§ **Given data**:
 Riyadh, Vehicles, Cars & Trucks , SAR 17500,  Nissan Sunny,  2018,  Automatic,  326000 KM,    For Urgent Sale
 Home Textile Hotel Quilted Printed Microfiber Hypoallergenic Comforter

* * *

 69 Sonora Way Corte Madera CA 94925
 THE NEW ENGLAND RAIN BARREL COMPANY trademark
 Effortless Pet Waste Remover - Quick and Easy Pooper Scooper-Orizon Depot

--

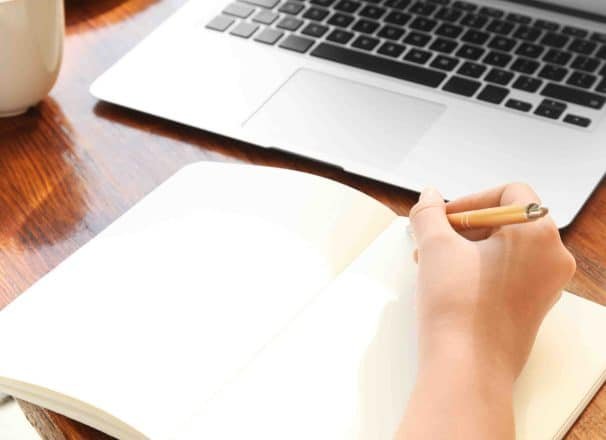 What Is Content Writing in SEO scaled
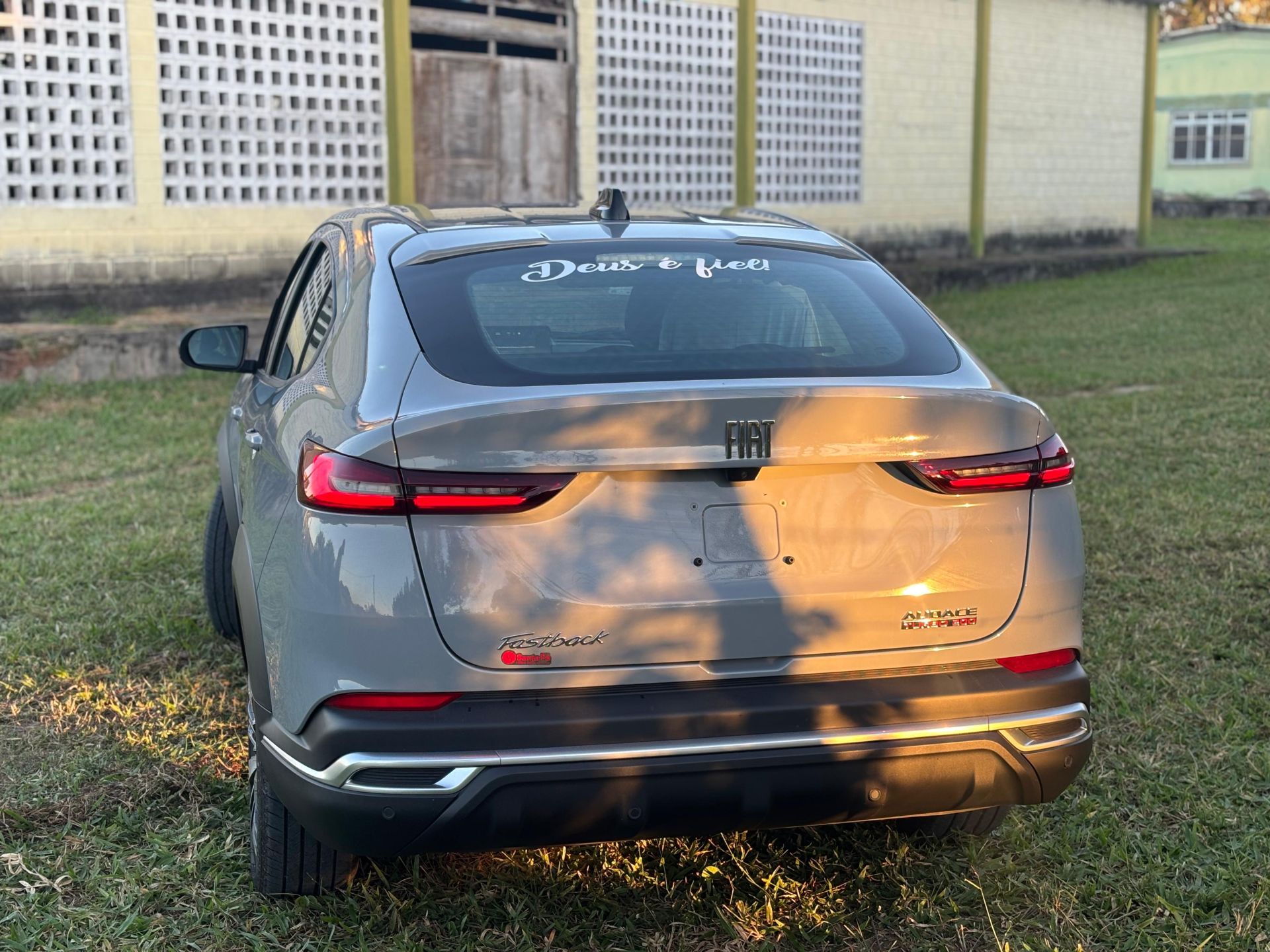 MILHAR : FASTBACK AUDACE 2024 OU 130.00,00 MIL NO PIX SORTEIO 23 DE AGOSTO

§ **Problem to work on**:
Look above for the line with "THE NEW ENGLAND" and the line with "Effortless Pet Waste". Retype those two lines and every line between them exactly, adding nothing.

§ **Exercise response**:
 THE NEW ENGLAND RAIN BARREL COMPANY trademark
 Effortless Pet Waste Remover - Quick and Easy Pooper Scooper-Orizon Depot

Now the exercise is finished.